Top of INFORMATION PROVIDED

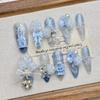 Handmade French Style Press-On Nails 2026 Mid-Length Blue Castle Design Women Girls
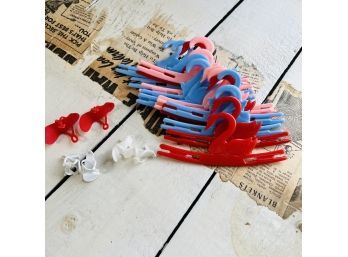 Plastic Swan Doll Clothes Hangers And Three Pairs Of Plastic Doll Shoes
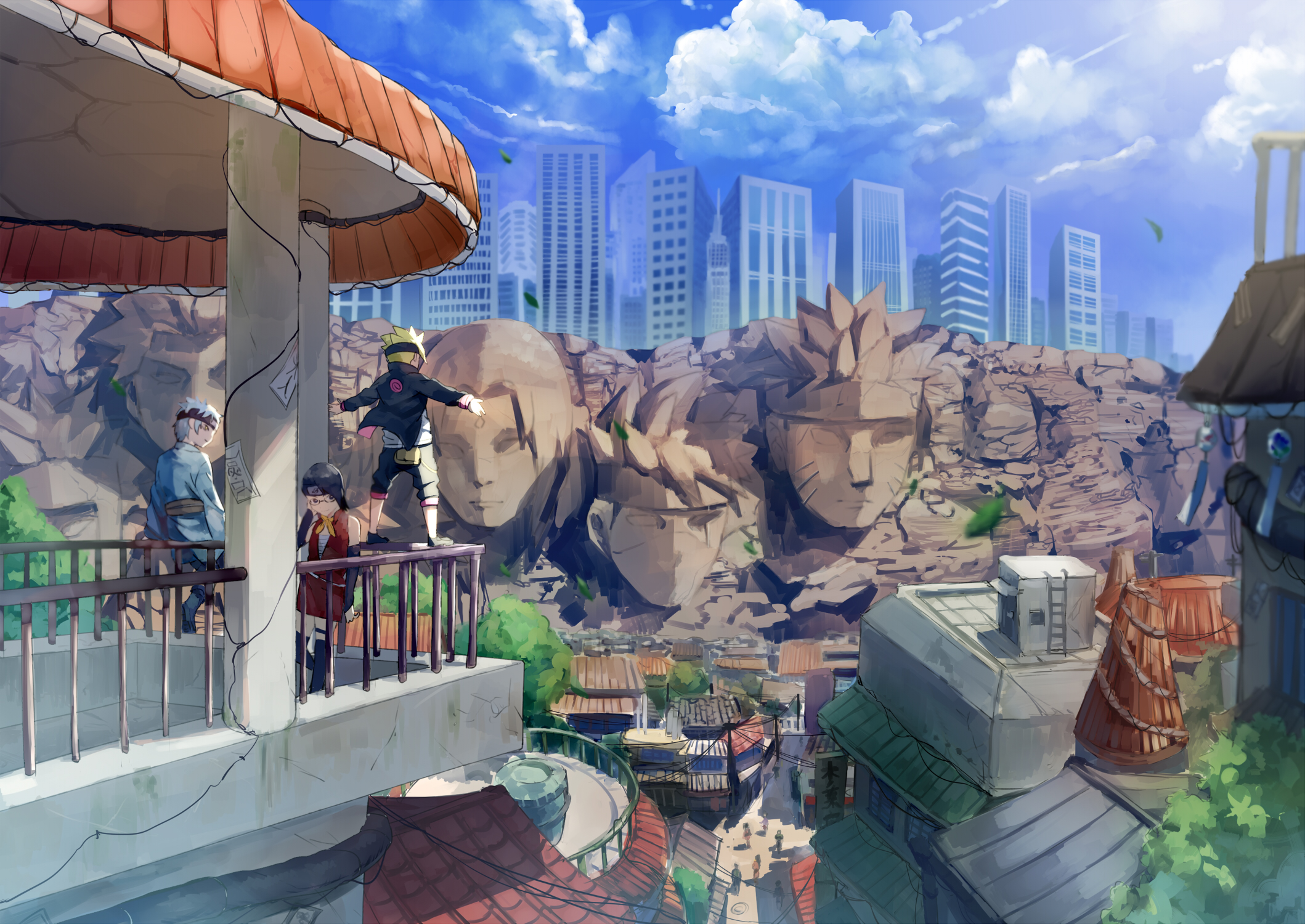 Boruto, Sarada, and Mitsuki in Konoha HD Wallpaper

Bottom of INFORMATION PROVIDED

=== YOUR ASSIGNMENT ===
Write the material out again word for word and omit any images.

=== OUTPUT OF THE TASK ===
 Handmade French Style Press-On Nails 2026 Mid-Length Blue Castle Design Women Girls
 Plastic Swan Doll Clothes Hangers And Three Pairs Of Plastic Doll Shoes
 Boruto, Sarada, and Mitsuki in Konoha HD Wallpaper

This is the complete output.